The selection of XMosaic was made for several reasons. According to some estimates at the time [Kostner, 1994], XMosaic accounted for roughly 53% of all WWW related accesses to HTTP servers. Furthermore, XMosaic was one of the only UNIX based GUI browsers available. Still, since the computing environment studied also included several other platforms that supported non-logging WWW browsers, certain portions of the computing population were not able to participate. Another confound of the experimental design exists in that it was possible for users to compute on multiple platforms during the sampling period, which may have resulted in the users running the specialized Sun OS version of XMosaic in tandem with other non-logging versions of WWW browsers.

Table 1. Occurrence of X Mosaic user events mapped to UIDE- like 
representation,where M = mouse click; K = keyboard entry (after Sukaviriya et. al., 1993) 

---------------------------------------------------------------------------------------------------------------------------

Application Action 

Interface Technique

Instances Percentage

Category of Action

Description of Action 

---------------------------------------------------------------------------------------------------------------------------

Anchor M 16140 51.9 Navigate Selection of Hyperlink in Document
Back M K 12633 40.6 Navigate Go Back One Document 
Open URL M K 707 2 Navigate Open File via a URL
Hotlist - Go To M 636 2 Navigate Go to Document via Hotlist
Forward M K 537 2 Navigate Go Forward One Document
Open Local M K 221 .7 Navigate Open Local File
Home Document M K 179 .5 Navigate Go to the Home Document
Window History  M K 39 .1 Navigate Go to Document via Window History

---------------------------------------------------------------------------------------------------------------------------


Analysis and Results

The original log file comprised over 43,000 events, with each record uniquely identifiable by user id and time of occurrence. The file was sorted by user id and secondarily by event time. This file includes all user interface events.

Since users will often leave XMosaic running for extended periods of time without interacting with it, determining session boundaries artificially was necessary. With the intent of identifying these boundaries, the time between each event for all events across users was calculated. The mean between each user interface event was 9.3 minutes. In order to determine session boundaries, all events that occurred over 25.5 minutes apart were delineated as a new session. This means that most statistically significant events occurred within 1-1/2 standard deviations (25.5 minutes) from the mean. Thus, a new log file was derived that indicated sessions for each user. Interestingly, a consistent third quartile was observed across all users, though we note no clear explanation for this effect.

Users averaged 9.4 sessions each, or approximately one session every other day. For subsequent analyses, navigational related events were extracted, which brought the total number of events to 31,134 representing 73% of all generated events.
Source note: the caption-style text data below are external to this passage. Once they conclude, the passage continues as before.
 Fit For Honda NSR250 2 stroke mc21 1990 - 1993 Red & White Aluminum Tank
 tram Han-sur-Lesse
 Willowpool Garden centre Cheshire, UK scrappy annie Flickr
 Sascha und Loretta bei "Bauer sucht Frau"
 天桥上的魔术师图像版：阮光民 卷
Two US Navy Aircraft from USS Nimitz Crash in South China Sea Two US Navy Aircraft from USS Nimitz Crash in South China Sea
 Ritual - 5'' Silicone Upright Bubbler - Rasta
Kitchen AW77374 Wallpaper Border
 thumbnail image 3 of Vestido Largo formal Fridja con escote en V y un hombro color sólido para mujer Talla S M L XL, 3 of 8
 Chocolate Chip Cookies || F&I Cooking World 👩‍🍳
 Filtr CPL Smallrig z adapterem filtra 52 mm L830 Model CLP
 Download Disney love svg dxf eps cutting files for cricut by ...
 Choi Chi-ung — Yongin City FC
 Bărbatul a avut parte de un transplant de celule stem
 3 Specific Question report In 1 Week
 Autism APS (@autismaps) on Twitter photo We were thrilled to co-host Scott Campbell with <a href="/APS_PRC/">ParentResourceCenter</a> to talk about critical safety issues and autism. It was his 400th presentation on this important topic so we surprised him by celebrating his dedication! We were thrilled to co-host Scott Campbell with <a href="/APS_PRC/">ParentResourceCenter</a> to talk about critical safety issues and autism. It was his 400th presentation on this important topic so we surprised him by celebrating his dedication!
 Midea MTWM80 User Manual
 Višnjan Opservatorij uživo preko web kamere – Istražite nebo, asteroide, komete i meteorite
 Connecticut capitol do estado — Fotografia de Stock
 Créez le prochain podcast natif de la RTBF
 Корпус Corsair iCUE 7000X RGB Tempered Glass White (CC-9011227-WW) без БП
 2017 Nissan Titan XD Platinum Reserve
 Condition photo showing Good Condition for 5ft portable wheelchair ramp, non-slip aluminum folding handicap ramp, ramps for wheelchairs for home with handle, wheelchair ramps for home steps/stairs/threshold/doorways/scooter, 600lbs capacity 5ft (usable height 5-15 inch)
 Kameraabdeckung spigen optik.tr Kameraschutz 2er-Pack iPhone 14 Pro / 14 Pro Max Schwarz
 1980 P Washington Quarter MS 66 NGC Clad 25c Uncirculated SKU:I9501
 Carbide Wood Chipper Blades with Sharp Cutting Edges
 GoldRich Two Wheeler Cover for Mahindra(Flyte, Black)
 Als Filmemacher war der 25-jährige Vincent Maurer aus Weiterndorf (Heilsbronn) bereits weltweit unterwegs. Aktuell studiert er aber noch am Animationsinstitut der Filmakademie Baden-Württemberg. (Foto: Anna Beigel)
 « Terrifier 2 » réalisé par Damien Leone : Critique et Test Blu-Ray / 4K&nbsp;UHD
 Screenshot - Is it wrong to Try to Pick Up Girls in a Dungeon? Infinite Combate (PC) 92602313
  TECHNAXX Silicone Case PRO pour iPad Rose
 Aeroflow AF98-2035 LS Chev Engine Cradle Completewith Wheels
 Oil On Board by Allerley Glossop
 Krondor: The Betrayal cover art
Document requests were distinguished by protocol. Eighty percent of the document requests were of type http (i.e. requests for a document from a WWW servers). Four percent of these were generated by "cgi" scripts. Files accounted for 8%, followed by ftp and gopher both at 4%. All other accesses combined (including news, wais, telnet, etc.) totalled 4%.

Methods of Interaction

Hyperlinks were by far the preferred method of traversal, accounting for 52% of all document requests. Second, accounting for about 41%, was the "Back" command. Following in order of popularity were "Open URL," "Hotlist," "Forward," "Open Local," "Home Document" and "Window History" (see Table 1). This indicates that users typically did not know the location of documents a priori, or relied on other heuristics to navigate to a specific document. Furthermore, most users did not select items in the hotlist and window history. It seems that they either preferred using "Go_To" or did not know how to employ this interface technique.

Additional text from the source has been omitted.